Dan was elected by his peers to be the Legislative Representative for the engineers and trainmen of New England starting in 1984. Dan’s responsibilities included political education to state legislators, Governors, Congressmen and U.S Senators on issues relevant to safety and funding of rail improvement. The Downeaster was one of those projects that required a lot of political will.
Dan was one of the founders of the Safety Task Force that trained a dozen Locomotive Engineers to work directly with the NTSB on major railroad accident investigations.
In 1987, Dan took it upon himself to engage the Massachusetts legislature in conducting a feasibility study of reinstating the Old Colony division of the MBTA commuter rail. This successful outcome created hundreds of good paying permanent railroad jobs. After Old Colony was up and running, Dan was able to help the extensions of service to Newburyport, Worcester, Rhode Island and then New Bedford and Fall River. Dan has had an impact on growing New England's public transit while keeping focused on safety.
Dan helped dozens of legislative bills, filed in all the New England states, regarding rail safety. The most recent was a bill in Maine requiring that all freight trains in Maine have at least two crew members. The 2013 devastating Lac Megantic oil train derailment was a direct result of a 72 car train with no conductor, just the engineer, and 47 people died due to this reckless disregard for safety.
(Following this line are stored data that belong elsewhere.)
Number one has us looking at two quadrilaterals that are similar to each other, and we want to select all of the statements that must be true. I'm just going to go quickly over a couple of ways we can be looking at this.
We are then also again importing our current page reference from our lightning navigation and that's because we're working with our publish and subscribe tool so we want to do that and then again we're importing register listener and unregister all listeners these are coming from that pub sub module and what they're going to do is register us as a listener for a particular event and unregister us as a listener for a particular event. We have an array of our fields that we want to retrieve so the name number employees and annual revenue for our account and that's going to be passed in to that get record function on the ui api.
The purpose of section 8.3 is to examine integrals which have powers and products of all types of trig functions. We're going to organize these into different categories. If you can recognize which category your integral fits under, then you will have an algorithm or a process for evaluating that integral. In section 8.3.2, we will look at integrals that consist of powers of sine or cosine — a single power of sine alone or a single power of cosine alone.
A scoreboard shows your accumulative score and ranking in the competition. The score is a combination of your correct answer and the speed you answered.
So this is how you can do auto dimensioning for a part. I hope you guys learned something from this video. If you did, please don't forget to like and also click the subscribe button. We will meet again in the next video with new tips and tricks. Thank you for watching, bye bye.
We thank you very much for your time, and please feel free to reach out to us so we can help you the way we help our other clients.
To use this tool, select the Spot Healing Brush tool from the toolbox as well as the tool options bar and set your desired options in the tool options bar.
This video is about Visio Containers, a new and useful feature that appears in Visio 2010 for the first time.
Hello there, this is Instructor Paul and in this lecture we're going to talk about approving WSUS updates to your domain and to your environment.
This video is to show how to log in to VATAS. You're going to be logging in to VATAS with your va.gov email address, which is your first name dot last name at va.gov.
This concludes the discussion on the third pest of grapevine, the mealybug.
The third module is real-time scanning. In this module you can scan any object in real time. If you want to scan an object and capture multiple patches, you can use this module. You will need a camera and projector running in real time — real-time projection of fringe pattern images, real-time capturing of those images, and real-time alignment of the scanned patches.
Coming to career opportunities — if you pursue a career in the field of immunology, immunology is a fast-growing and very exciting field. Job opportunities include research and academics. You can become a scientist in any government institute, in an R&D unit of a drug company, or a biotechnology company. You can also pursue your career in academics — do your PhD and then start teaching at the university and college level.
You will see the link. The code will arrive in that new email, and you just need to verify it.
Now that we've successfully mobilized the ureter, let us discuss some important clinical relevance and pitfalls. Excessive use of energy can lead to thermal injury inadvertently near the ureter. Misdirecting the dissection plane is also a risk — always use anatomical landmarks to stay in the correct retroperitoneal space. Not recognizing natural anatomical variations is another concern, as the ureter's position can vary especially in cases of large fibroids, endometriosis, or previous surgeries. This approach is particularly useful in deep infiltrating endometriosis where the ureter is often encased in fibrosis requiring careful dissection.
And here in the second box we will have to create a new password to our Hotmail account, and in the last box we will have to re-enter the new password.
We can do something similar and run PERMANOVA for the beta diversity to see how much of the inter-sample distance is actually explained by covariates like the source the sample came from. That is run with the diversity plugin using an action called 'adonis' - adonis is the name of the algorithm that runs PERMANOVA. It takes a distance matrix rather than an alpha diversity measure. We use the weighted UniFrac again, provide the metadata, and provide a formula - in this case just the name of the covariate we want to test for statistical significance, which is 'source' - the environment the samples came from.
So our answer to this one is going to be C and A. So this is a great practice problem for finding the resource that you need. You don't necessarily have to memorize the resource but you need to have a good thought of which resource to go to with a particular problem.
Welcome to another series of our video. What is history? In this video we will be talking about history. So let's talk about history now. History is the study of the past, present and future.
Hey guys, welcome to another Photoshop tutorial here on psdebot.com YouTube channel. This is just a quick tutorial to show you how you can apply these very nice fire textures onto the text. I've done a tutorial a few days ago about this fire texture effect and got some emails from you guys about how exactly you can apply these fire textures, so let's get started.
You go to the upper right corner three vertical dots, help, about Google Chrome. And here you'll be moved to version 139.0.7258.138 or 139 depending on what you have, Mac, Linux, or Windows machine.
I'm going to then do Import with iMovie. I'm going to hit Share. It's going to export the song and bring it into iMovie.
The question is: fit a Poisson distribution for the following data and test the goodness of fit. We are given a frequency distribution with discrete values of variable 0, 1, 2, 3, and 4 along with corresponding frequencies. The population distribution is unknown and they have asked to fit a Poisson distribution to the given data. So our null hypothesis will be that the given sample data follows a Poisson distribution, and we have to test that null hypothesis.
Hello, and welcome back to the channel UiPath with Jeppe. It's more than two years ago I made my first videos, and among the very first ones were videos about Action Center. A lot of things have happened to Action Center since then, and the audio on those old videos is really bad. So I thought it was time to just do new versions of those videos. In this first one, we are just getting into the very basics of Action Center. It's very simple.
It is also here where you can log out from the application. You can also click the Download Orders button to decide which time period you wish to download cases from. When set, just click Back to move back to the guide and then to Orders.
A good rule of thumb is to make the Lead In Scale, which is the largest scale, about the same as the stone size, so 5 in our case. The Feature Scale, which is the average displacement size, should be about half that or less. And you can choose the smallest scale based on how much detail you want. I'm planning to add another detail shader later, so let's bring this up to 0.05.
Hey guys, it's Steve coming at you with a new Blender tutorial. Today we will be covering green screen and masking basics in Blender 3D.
Dan has worked to prevent such disasters here.
Maureen and Dan were married in 1997 and raised their combined kids for a total of nine! All the kids were publicly educated and are now successful young adults. Dan and Maureen moved to Lebanon after Maureen found the horse farm of her dreams.
Dan is passionate in advocating for working families.
When we invest in our public schools and community colleges, we see a direct boost in Maine's economy and overall standard of living. I support robust early education programs, vocational schools as well as career and skill training programs.
There are two economies in Maine: the state economy and your paycheck.
Let’s focus on making sure working families can balance their budget.
If you need a second job to make ends meet or even three part-time jobs, that’s not right. Nobody should work 40 hours a week and have to choose between paying the utility bills or feeding your family. We deserve better.
I support healthcare as a human right.
The pandemic has made it clear that our for-profit healthcare system is vulnerable and prevents our highly skilled medical professionals from providing the care their patients need.
I will reach across party lines to lower the cost of prescriptions, medical treatments and hospital care while always pushing toward universal coverage.
Maine needs full time, good-paying year-round jobs with benefits.
In Maine, we take pride in being self-sufficient. We understand that in order to get the job done right, workers need a living wage, safe working conditions, and a seat at the table in Augusta.
A lot of veterans suffer from Post Traumatic Stress Disorder (PTSD). I, also, have experienced PTSD and worked with the railroad industry to develop programs that actually helped our union members.
On the railroad, we learned right away that the best way to heal is to be connected to someone who has experienced your trauma.
I believe strongly in staffing the veterans' health programs with veterans to support reintegration and provide jobs for our veterans when they come home.
Maine takes on more responsibility than any other state: adjudication of claims, cemetery maintenance, and retirement.
The unprecedented drainage of Maine's budget due to COVID-19 will be tough. I promise to do everything possible to preserve state VA funding.
Mainers lose up to $52 million annually to offshore tax abuse. In Maine, we do hard work for our money. We need to end offshore loopholes to keep Maine businesses competitive and our economy healthy. I will advocate for a fair tax code that prioritizes Maine's working-class families and local businesses. Big corporations must pay their fair share, so everyone has an opportunity to make a good living in Maine.